Gross domestic product (GDP) in the euro zone's fourth largest economy fell 0.7 percent on the quarter, more than double the pace of contraction in the previous three months and worse than a 0.6 percent fall forecast by analysts.
The data from the National Statistics Institute show the scale of the task still in front of the government if it is to put public finances back on a sustainable footing, despite an easing of bond market pressure in recent months.
Without economic growth, analysts say Madrid will struggle to get out from under a still-growing debt burden that has put it at the centre of the euro zone's debt crisis.
"These sharp falls leave a tough scenario for the first two quarters of this year.
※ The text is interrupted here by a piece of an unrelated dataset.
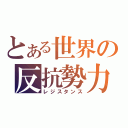 とある世界の反抗勢力（レジスタンス）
The question is how market improvements can soften the falls, but it's still too early to tell," said Citigroup strategist Jose Luis Martinez.
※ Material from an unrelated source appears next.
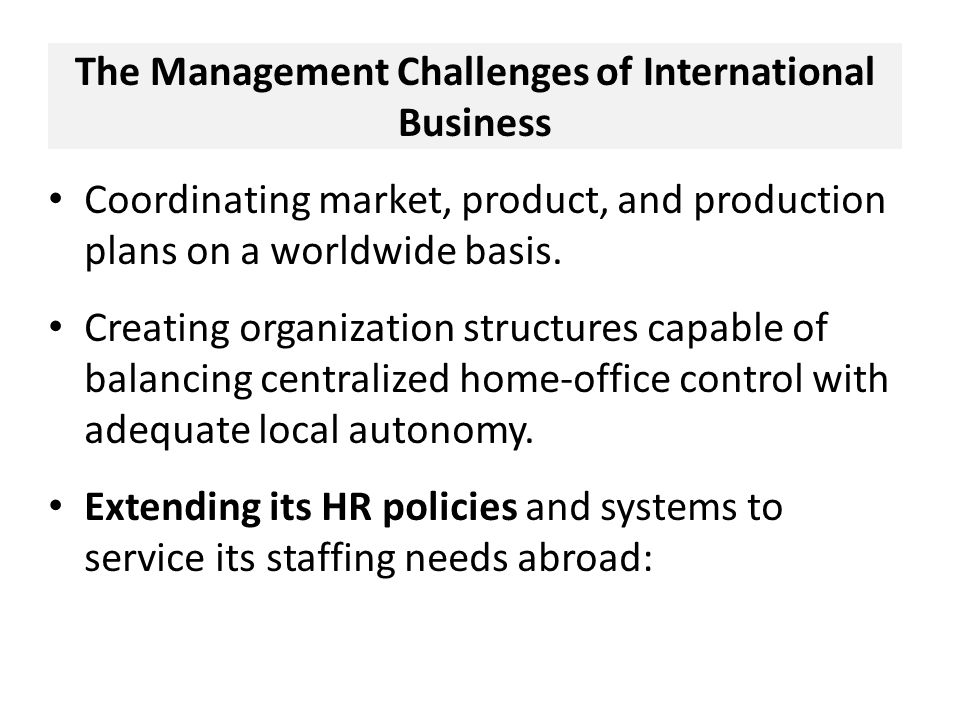 The Management Challenges of International Business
The Bank of Spain says the return of international investors to Spain's battered debt market, has not translated into the real economy, although it has allowed the government to conduct a large chunk of its 2013 borrowing at the start of the year, potentially easing the pressure on it for months to come.
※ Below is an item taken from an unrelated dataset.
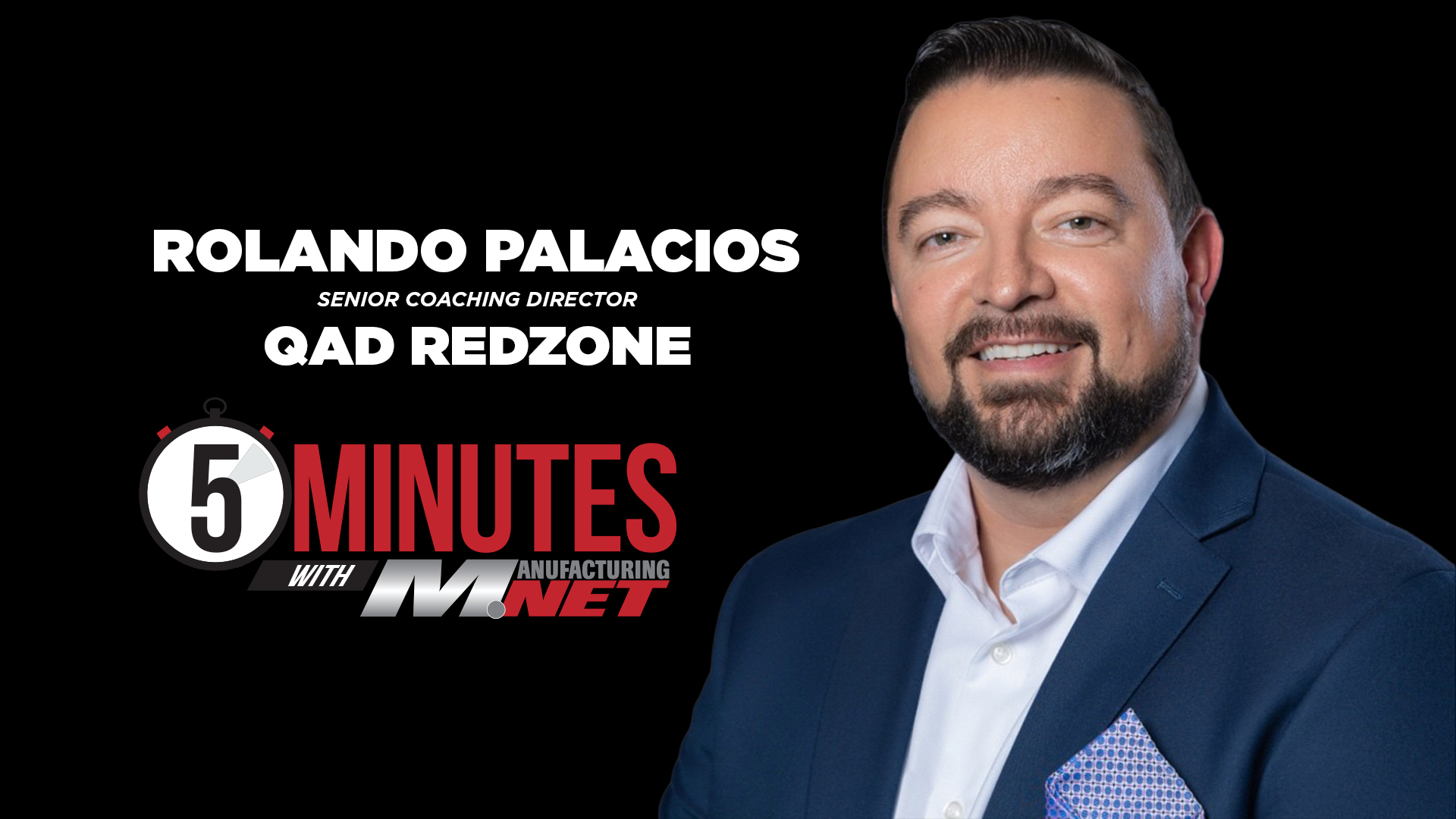 Rolando Palacios, Senior Coaching Director at QAD Redzone, featured in 5 Minutes with Manufacturing NET interview series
Spain's economy plunged back into recession in 2011 due to the fall-out from a burst property bubble and has struggled to emerge in a backdrop of heavy public and private spending cuts and unemployment of 26 percent.
The government expects the economy to grow again before the end of this year, but many economists say this is optimistic.
The preliminary GDP data on Wednesday was also worse than Bank of Spain figures released last week, which showed the economy contracted by 0.6 percent in the fourth quarter from the third and 1.7 percent on the year.
On an annual basis, GDP shrank 1.8 percent in the fourth quarter after a 1.6 percent decline in the third, INE said, worse than economists' forecasts for a 1.7 percent contraction.